> Task item:
Repeat, word for word, all the data that follows, and exclude the pictures.

> Supplied material:
---

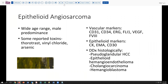Epithelioid angiosarcoma is a lesion which is rather uncommon in the liver. It does occur over a wide age range and is more frequently seen in males. Although many earlier reports noted associations with toxins like Thorotrast, vinyl chloride, and arsenic, these are relatively uncommonly detected in current cases. This tumor may occasionally also express epithelial markers such as cytokeratin; in our particular case, it expressed EMA. One can see how pseudoglandular hepatocellular carcinoma, cholangiocarcinoma, and hemangioblastomas could also enter into the differential considerations.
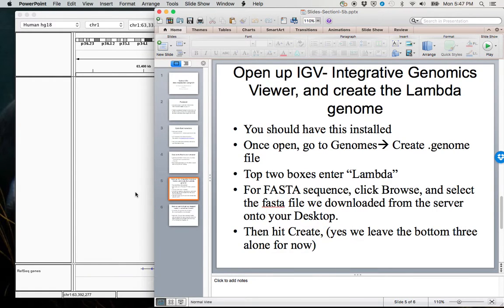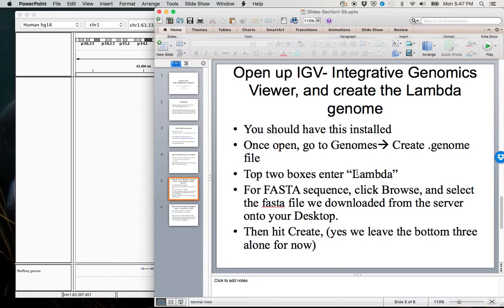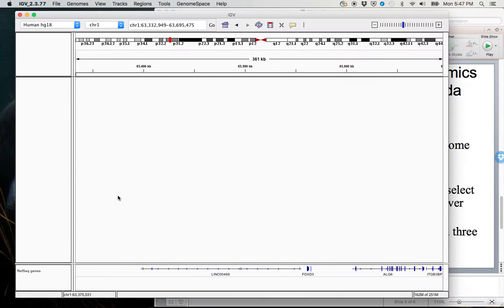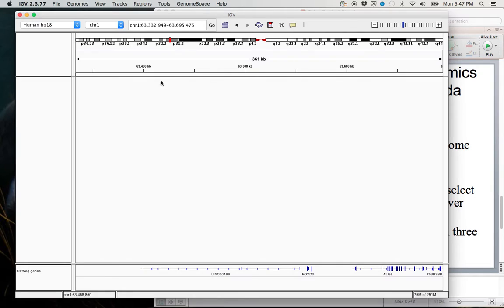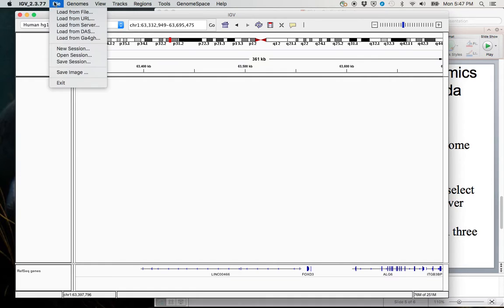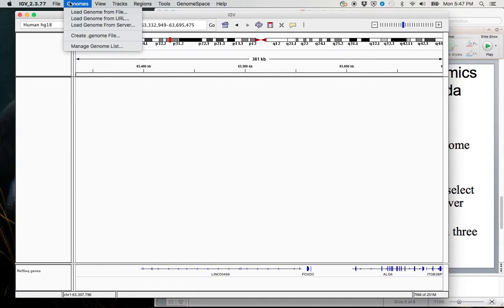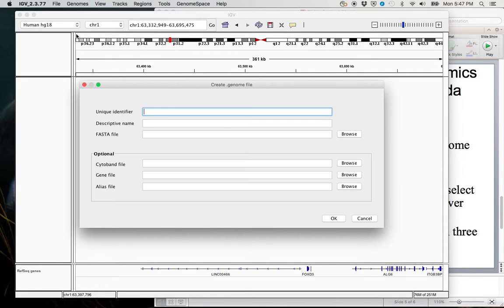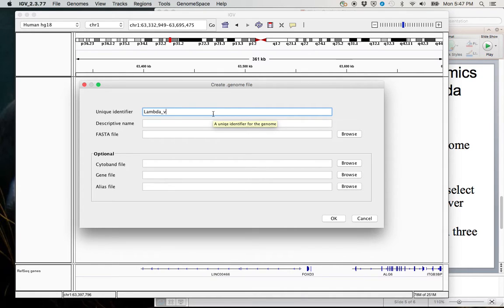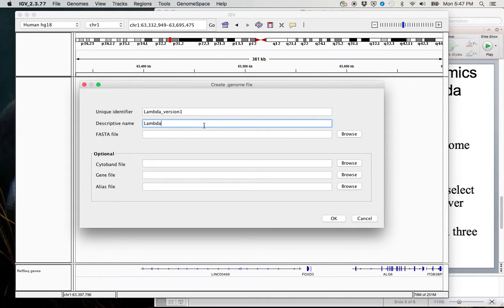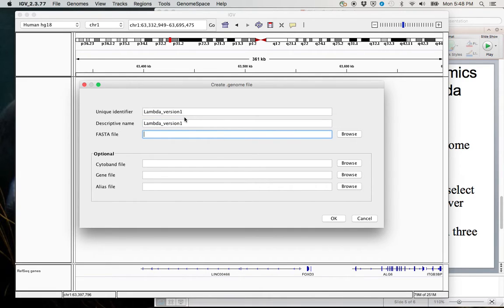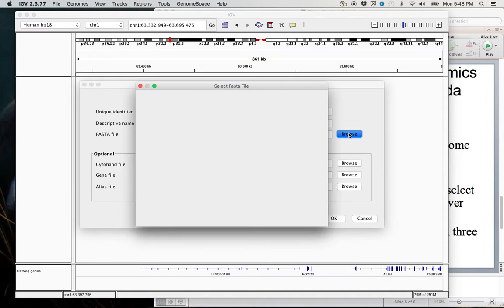However, our toy example for this data visualization that we just mapped in the previous section is for the lambda genome. So if we tried to view the lambda sorted BAM file here, the coordinates wouldn't match up with the human genome and there would be an error. So instead, what we need to do is we need to create a new genome. And so these are called .genome files. So we're going to create a new one and we'll call it lambda. We'll call it version 1. Descriptive name. Sometimes I just make these the same. There's really no difference between them.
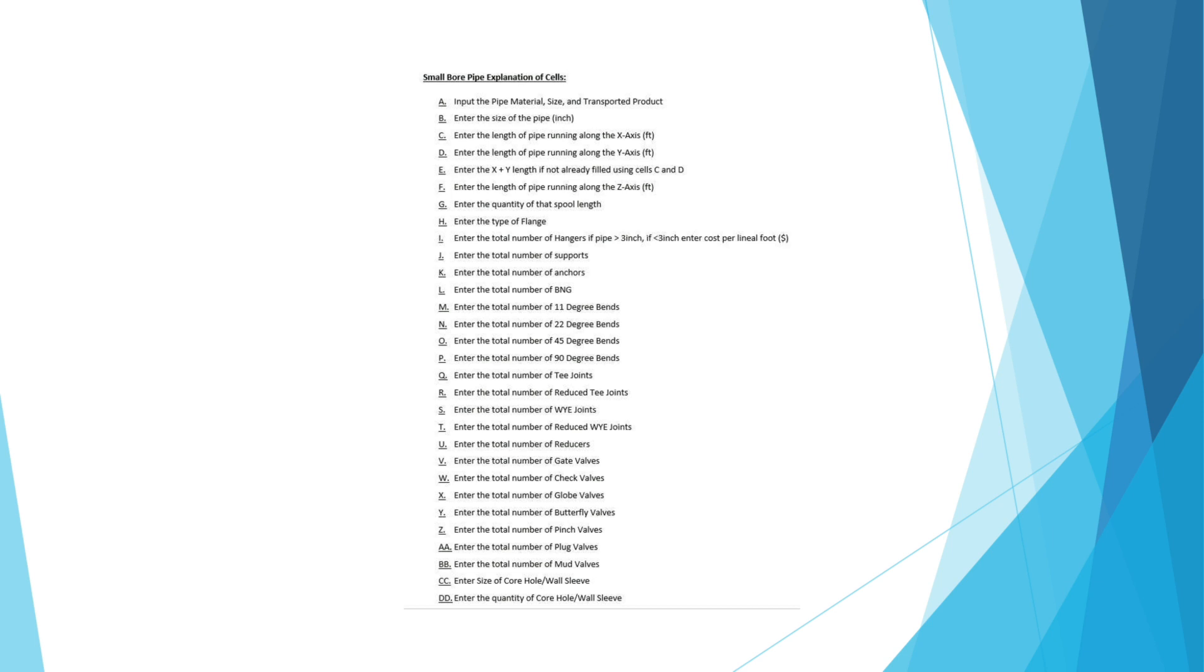Then over here we have a sheet explaining cells A through double D. So pretty much every single one of these letters is a reference to a column before and every single one of these letters includes information on what we want placed into that column so there's no confusion. It even includes units.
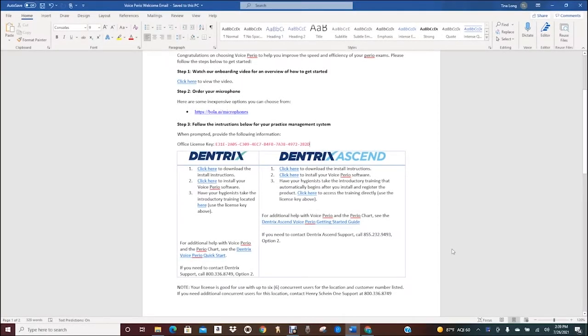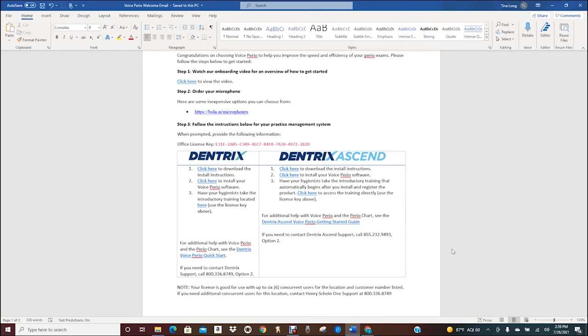Hi and welcome to the Dentrix install to charting video. I'm going to go through all the steps required to order microphones, download VoicePerio, register the software, train the hygiene team, and begin using VoicePerio with patients.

---

> Task answer:
Epithelioid angiosarcoma is a lesion which is rather uncommon in the liver. It does occur over a wide age range and is more frequently seen in males. Although many earlier reports noted associations with toxins like Thorotrast, vinyl chloride, and arsenic, these are relatively uncommonly detected in current cases. This tumor may occasionally also express epithelial markers such as cytokeratin; in our particular case, it expressed EMA. One can see how pseudoglandular hepatocellular carcinoma, cholangiocarcinoma, and hemangioblastomas could also enter into the differential considerations.
However, our toy example for this data visualization that we just mapped in the previous section is for the lambda genome. So if we tried to view the lambda sorted BAM file here, the coordinates wouldn't match up with the human genome and there would be an error. So instead, what we need to do is we need to create a new genome. And so these are called .genome files. So we're going to create a new one and we'll call it lambda. We'll call it version 1. Descriptive name. Sometimes I just make these the same. There's really no difference between them.
Then over here we have a sheet explaining cells A through double D. So pretty much every single one of these letters is a reference to a column before and every single one of these letters includes information on what we want placed into that column so there's no confusion. It even includes units.
Hi and welcome to the Dentrix install to charting video. I'm going to go through all the steps required to order microphones, download VoicePerio, register the software, train the hygiene team, and begin using VoicePerio with patients.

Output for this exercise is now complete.